Requirement - Would you print the listing that follows exactly, but without its pictures?

Supplied records -
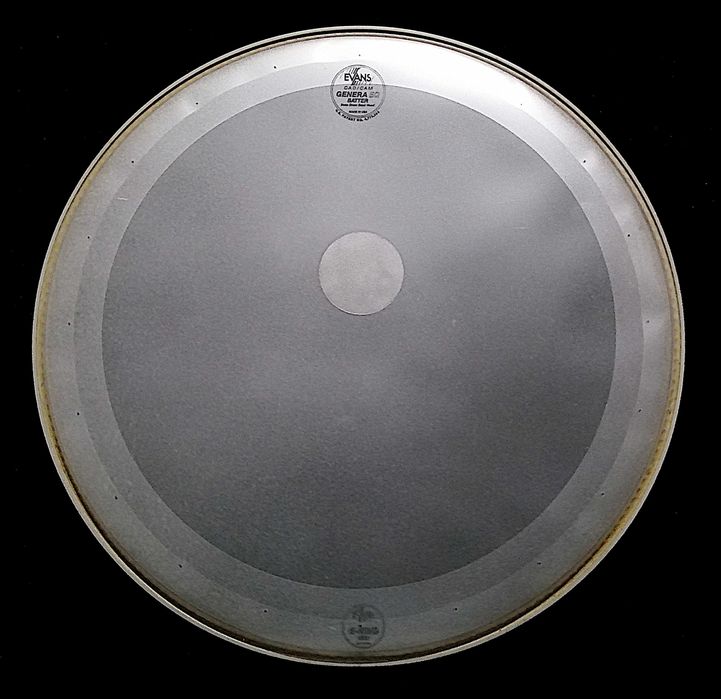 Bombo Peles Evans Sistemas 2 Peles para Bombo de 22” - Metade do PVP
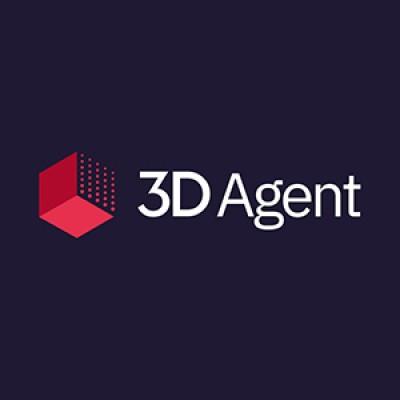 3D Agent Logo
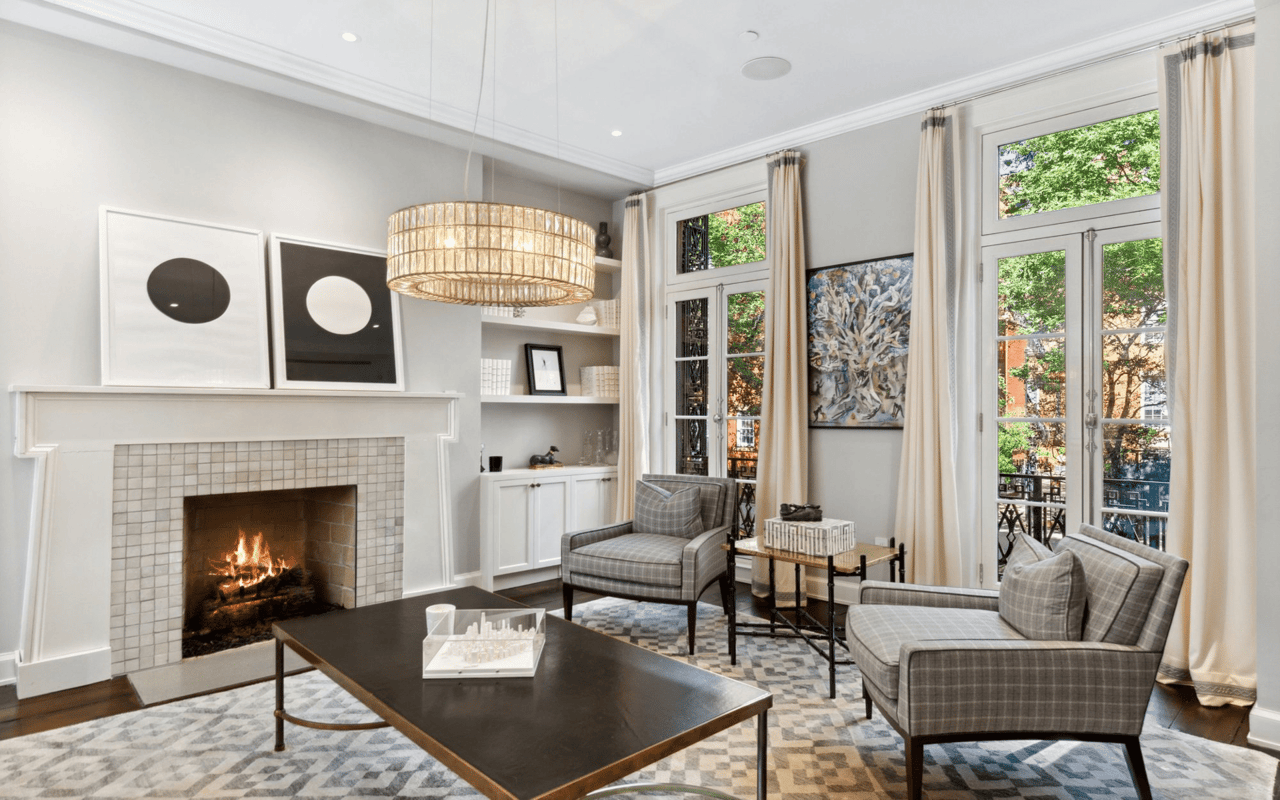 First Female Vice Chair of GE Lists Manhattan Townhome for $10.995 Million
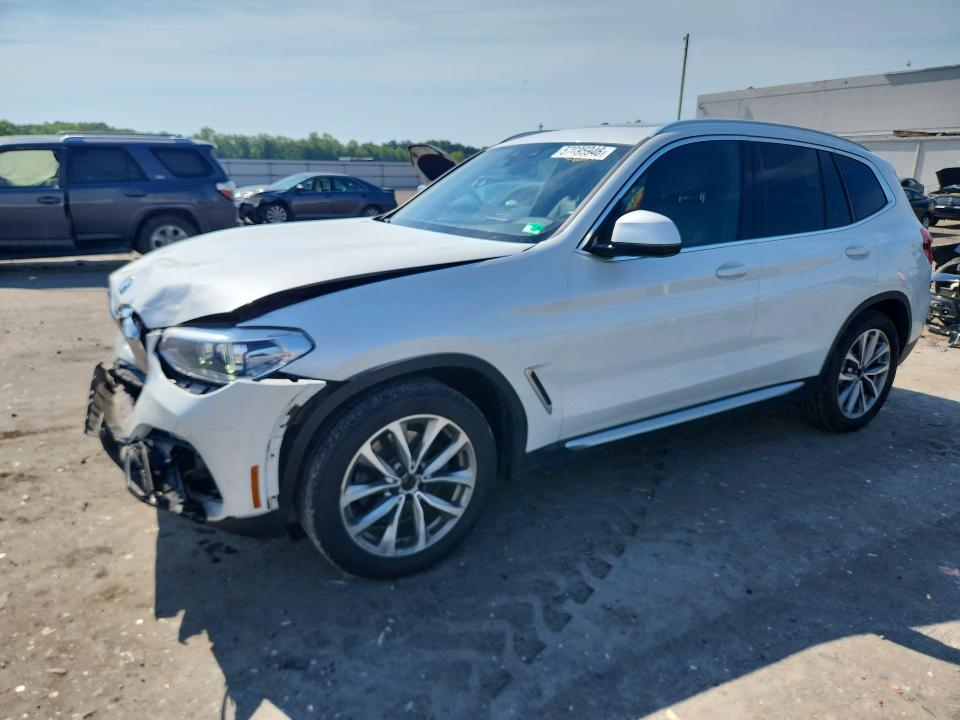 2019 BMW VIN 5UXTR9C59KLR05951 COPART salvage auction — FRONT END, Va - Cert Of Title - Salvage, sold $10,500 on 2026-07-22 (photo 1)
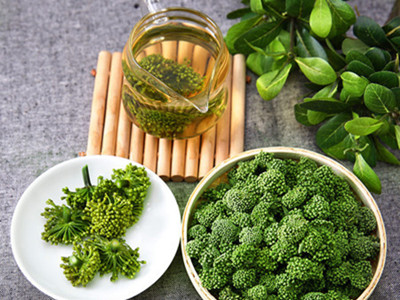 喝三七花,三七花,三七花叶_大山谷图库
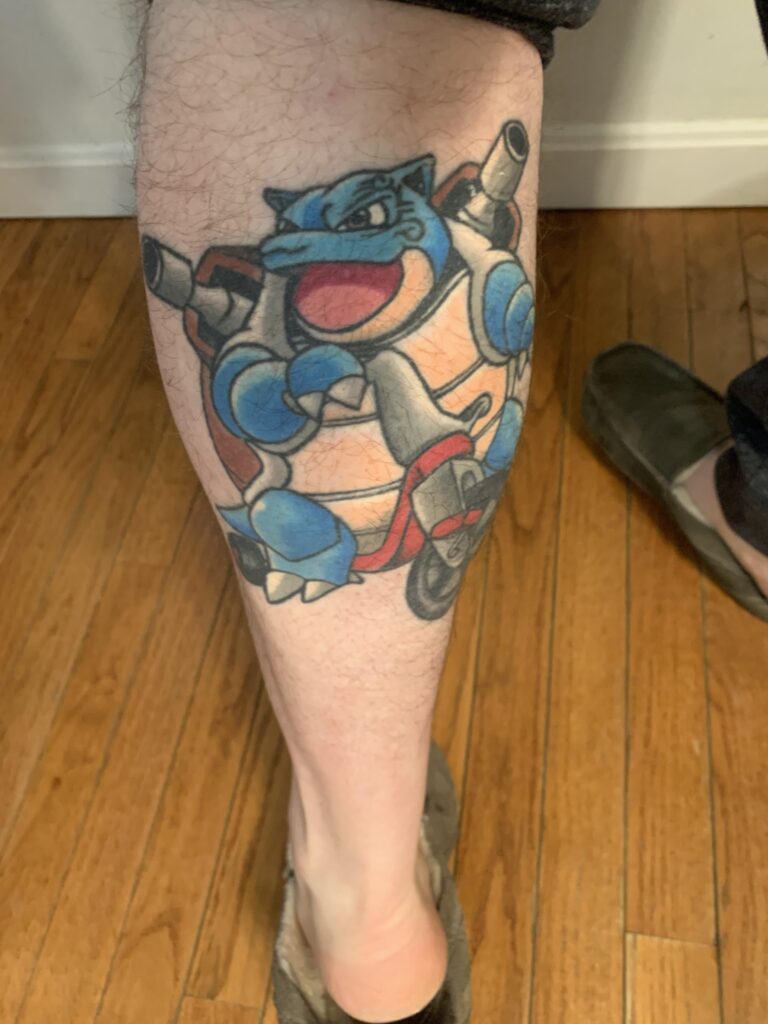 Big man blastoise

Response for this exercise -
 Bombo Peles Evans Sistemas 2 Peles para Bombo de 22” - Metade do PVP
 3D Agent Logo
 First Female Vice Chair of GE Lists Manhattan Townhome for $10.995 Million
 2019 BMW VIN 5UXTR9C59KLR05951 COPART salvage auction — FRONT END, Va - Cert Of Title - Salvage, sold $10,500 on 2026-07-22 (photo 1)
 喝三七花,三七花,三七花叶_大山谷图库
 Big man blastoise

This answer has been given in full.